Who would want to work at a company that doesn't let you negotiate your salary? A lot of people would, or at least should, according to Ellen Pao, Reddit's interim CEO.

In April, the social news-sharing site unveiled a controversial new HR policy: Job offers to new hires come with a take-it-or-leave-it salary number. The figure is based on research about how workers at comparable positions at other companies are paid; it doesn't take into account the candidate's salary history or other personal factors. 

"When somebody comes in we figure out what role they're applying for, what band they're in and we give the what we think is a fair salary in that band," Pao explained during an onstage interview at the Code Conference Wednesday. 

The purpose of the policy is to eliminate gender inequality in pay, Pao said, citing research that shows bargaining makes for an uneven playing field. "It's known that women are one-quarter as likely as men to negotiate for more pay in salary and when they do they're often penalized for it," she said.

But the policy is proving to have an unexpected benefit, alleviating the antagonistic dynamic that pits new employees against their future employers. "It takes a lot of tension out of the process," Pao said. "We've had people apply to Reddit just because of that policy." 
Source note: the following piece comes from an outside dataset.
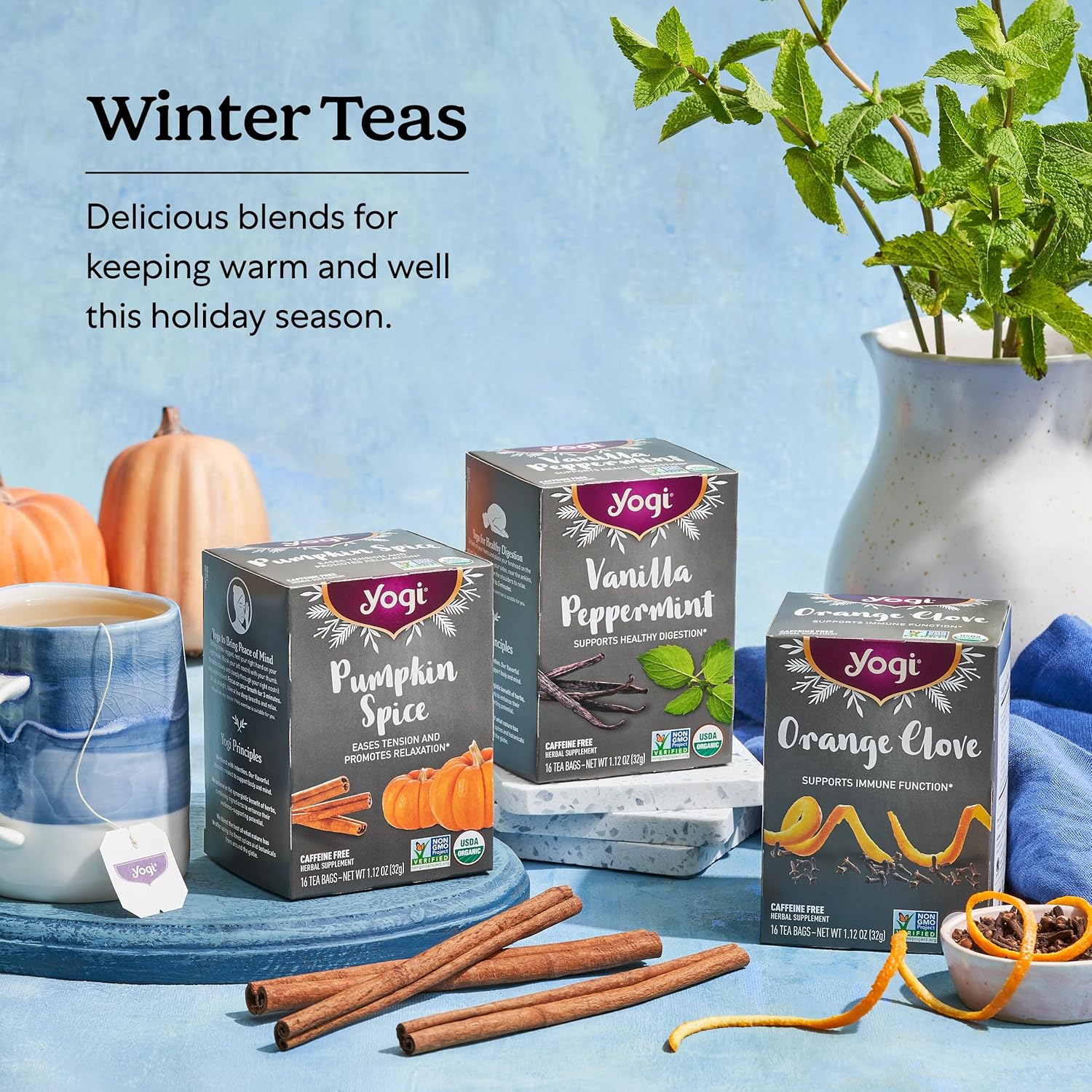 Yogi Tea Holiday Tea Variety Pack - 16 Tea Bags Per Pack (6 Packs) - Holiday Tea Sampler - Includes 2 Vanilla Peppermint Teas, 2 Orange Clove Teas & 2 Pumpkin Spice Teas - Seasonal Tea Sampler Set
Getting rid of negotations is an extension of Pao's ongoing campaign against gender bias in Silicon Valley. A former junior partner at Kleiner, Perkins, Caufield & Byers, Pao lost a high-profile gender discrimination suit against the venture capital firm in March. 

She said she is still consulting with her legal team about whether to appeal the ruling. "It didn't come out the way I wanted it to, but I ended up becoming a symbol for different things," she said. "I connected to so many people."